• WORK REQUEST: Exactly the lines from the one containing "Czarny kot z" through the one containing "Lote en Venta en Lujan de Cuyo, Mendoza" in the listing below are to be copied, with the pictures left out.

• PROVIDED MATERIAL:
--------------------

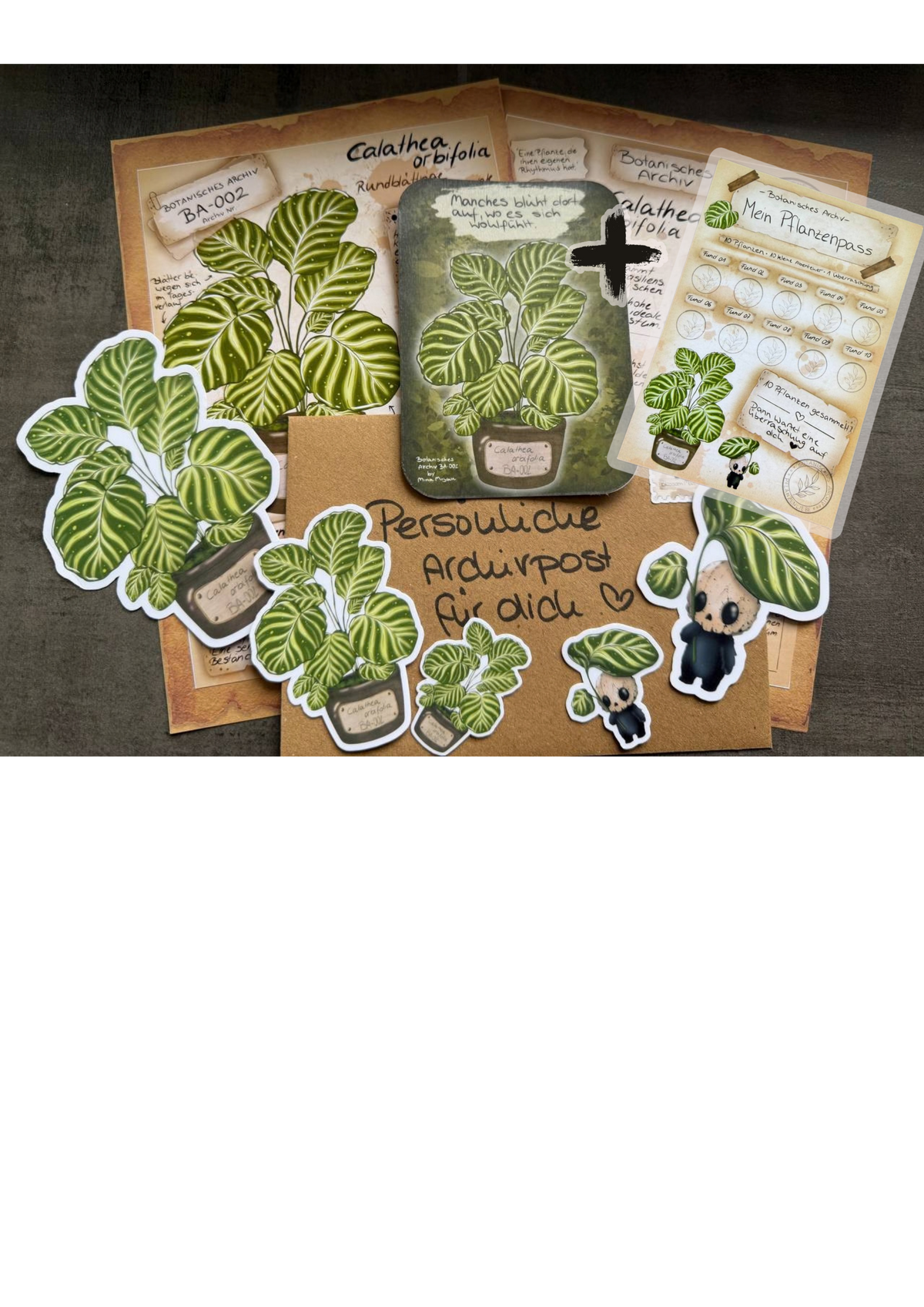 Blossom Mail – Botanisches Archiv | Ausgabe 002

--------------------

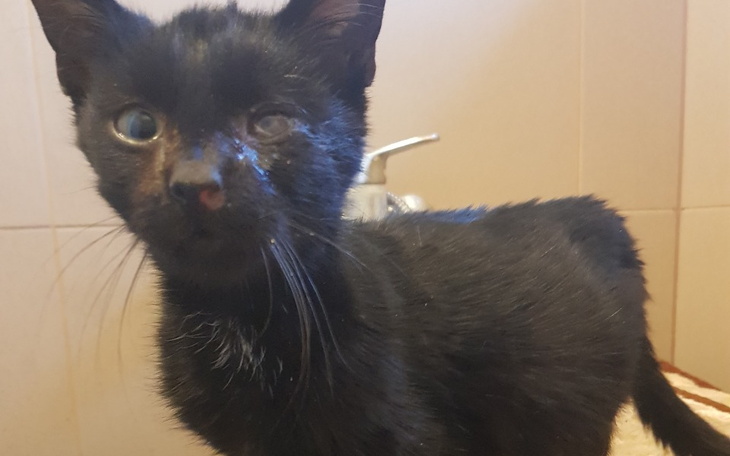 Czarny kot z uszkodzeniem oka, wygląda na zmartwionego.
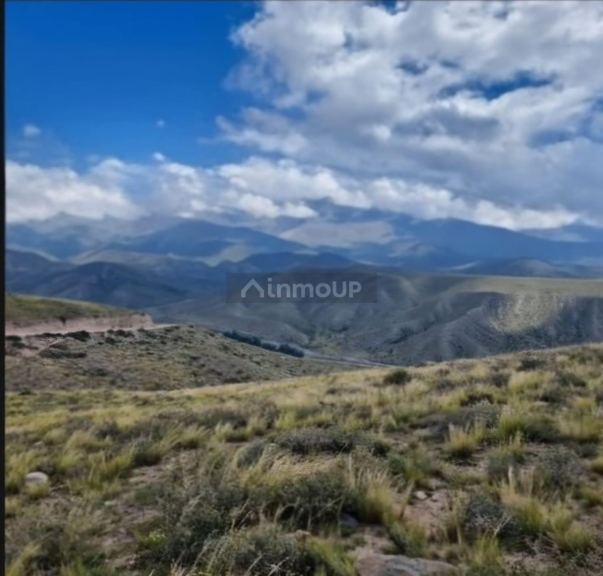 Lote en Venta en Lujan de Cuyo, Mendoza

--------------------

• SOLUTION TO THE EXERCISE:
 Czarny kot z uszkodzeniem oka, wygląda na zmartwionego.
 Lote en Venta en Lujan de Cuyo, Mendoza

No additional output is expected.